Copy the closing run of lines, from the one with "Read El Ascenso" through the last line of the listing, exactly and without any pictures.

Dataset content:

------------------------------------------------

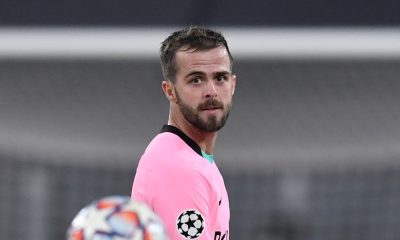 Pjanic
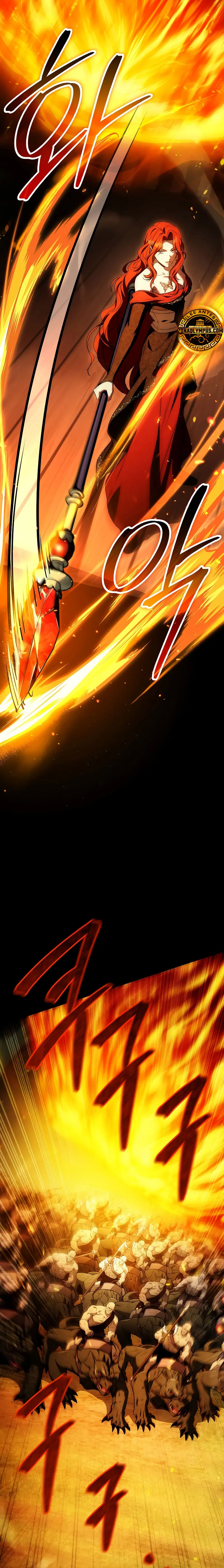 Read El Ascenso del Tercer Príncipe del Reino Caído ES Manga Online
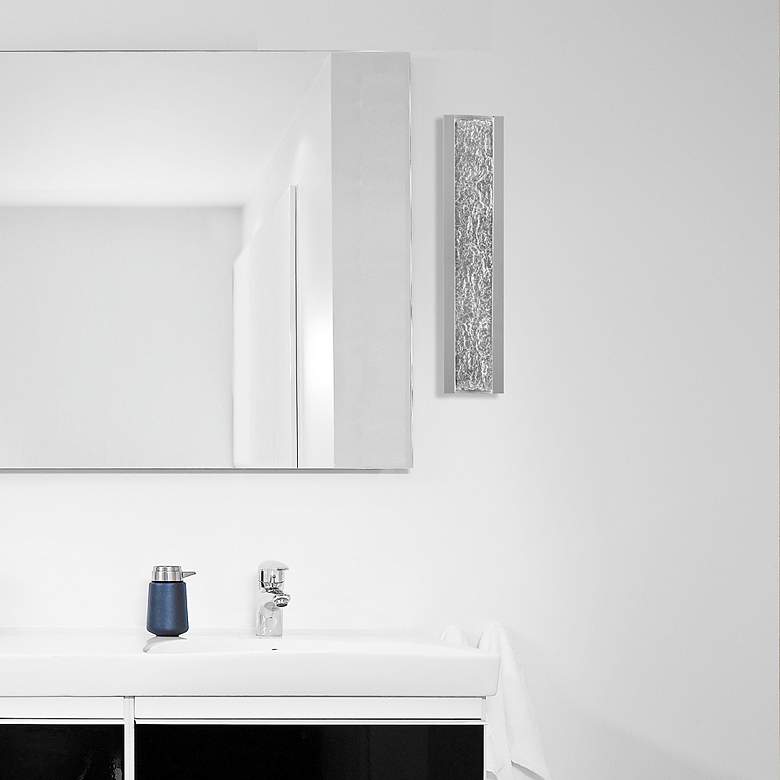Image 5 Repose LED Linear Bath Bar more views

------------------------------------------------

Solved problem:
 Read El Ascenso del Tercer Príncipe del Reino Caído ES Manga Online
Image 5 Repose LED Linear Bath Bar more views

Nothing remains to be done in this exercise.